The point of focusing on sustainability is to balance human interests with a long term view of life on earth. Depleting resources as though they will be always available plainly is no way to plan for a safe and pleasant future. But it seems to me something is missing in the way we approach sustainability. Every time I see any efforts aimed at rebalancing resource usage with a long term view of the Earth’s capacity to support us, what do I see? I see solutions that cost a lot, and people saying that the costs are the price we have to pay for the mistakes that have been made, and for a viable future. And so I also see a lot of procrastination, delays, and reluctance to commit to sustainable policies and practices.

Why? Because, first, there are a great many people who cannot afford to live in the world as it is, right now, simply bearing their existing day-to-day costs. Even in the richest countries, huge proportions of people live hand to mouth, or very nearly so. Second, it’s hard to detect and punish freeloaders. Many people, companies, and governments are willing to hold off committing to sustainability in the hope that some technological fix will come along and spare them avoidable costs.

So, my question is, and I do not say this at all in jest or with any sense of irony or sarcasm: how do we make sustainability fun and profitable? How can we make sustainability economically self-sustaining? How can we make sustainability into a growth industry?

My answer to those questions is, by improving the quality of information on sustainability impacts. What does that mean? Why should that have anything to do with making sustainability fun and profitable? What improving the quality of information on sustainability impacts means is measuring it well, using methods and models that have been used in research and practice for more than 90 years. What we need is a Human, Social, and Natural Capital Metric System. or an International System of Units for Human, Social, and Natural Capital.

As we all know from the existing SI (metric system) units, high quality information makes it much easier to communicate value. Easier communication means lower transaction costs, and lower transaction costs mean that it becomes very inexpensive to find out how much of a sustainability impact is available, and what quality it is. High quality information enables grassroots bottom up efforts coordinating the decisions and behaviors of everyone everywhere. Managers would be able to dramatically improve quality in domains of human, social, and environmental value the way they do now for manufactured value. And investors would be able to reward innovation in those areas in ways they currently cannot.

For instance, with high quality sustainability impact measures, you’d be able to buy shares of stock in a new global carbon reduction effort that realistically projects it is on track to reverse climate change back its 1980 status. If someone came out with a better carbon reduction product that would make it possible to get the job done faster or at lower cost, we would have the information we need to quickly shift the flow of resources to the better product.

Speaking to other components of the UN’s Sustainability Development Goals, maybe people need to wonder why they cannot go buy 250 units of additional literacy right now? Why can’t you get a good price on a specific amount of literacy gain for your ten-year-old child from a few minutes of competitive shopping? And while you’re at it, maybe you could catch a special sale on 470 units of improved physical functionality for your great aunt who just had a hip replacement. Oh, she doesn’t need it because she’s got herself listed in a health capital investment bond likely to pay a 6% return? Well, maybe you should sink some funds into one of those contracts!

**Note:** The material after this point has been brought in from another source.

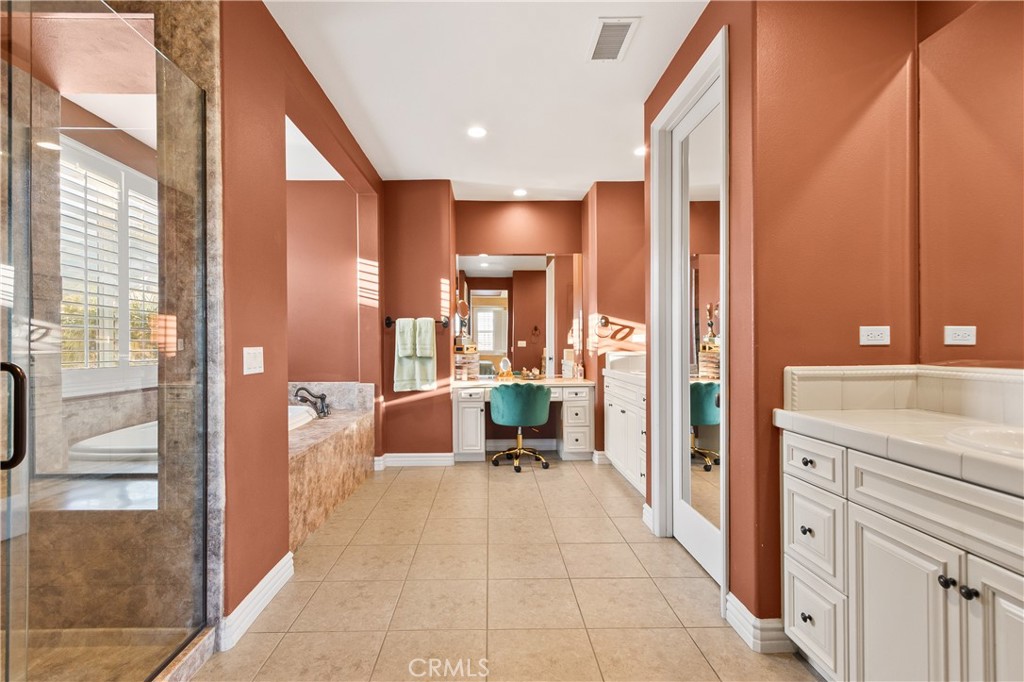 13761 Breeders Cup Drive Property Photo 33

To take up the SDG 16.1 issue, if efforts to reduce armed violence were measured with the same level of information quality as kilowatt hours, that form of social capital product would be available in market transactions just the same way manufactured capital products like electricity are now. Conversely, your personal efforts at reducing armed violence, or improving someone’s literacy, or helping your great aunt with gains in physical functionality—all of these are investments of your skills and abilities that will pay back cash value to you. And because having fun with the kids, and getting out for recreational activities, are healthful things to do, enjoyment also should pay dividends.

Maybe this focus on fun and profit in making sustainability economically self-sustaining might finally find some traction for efforts in this area. Sustainability commerce could be a way of talking about these issues that will speak to matters more directly and practically. We’ll see how that works out as I try it on people in the near future.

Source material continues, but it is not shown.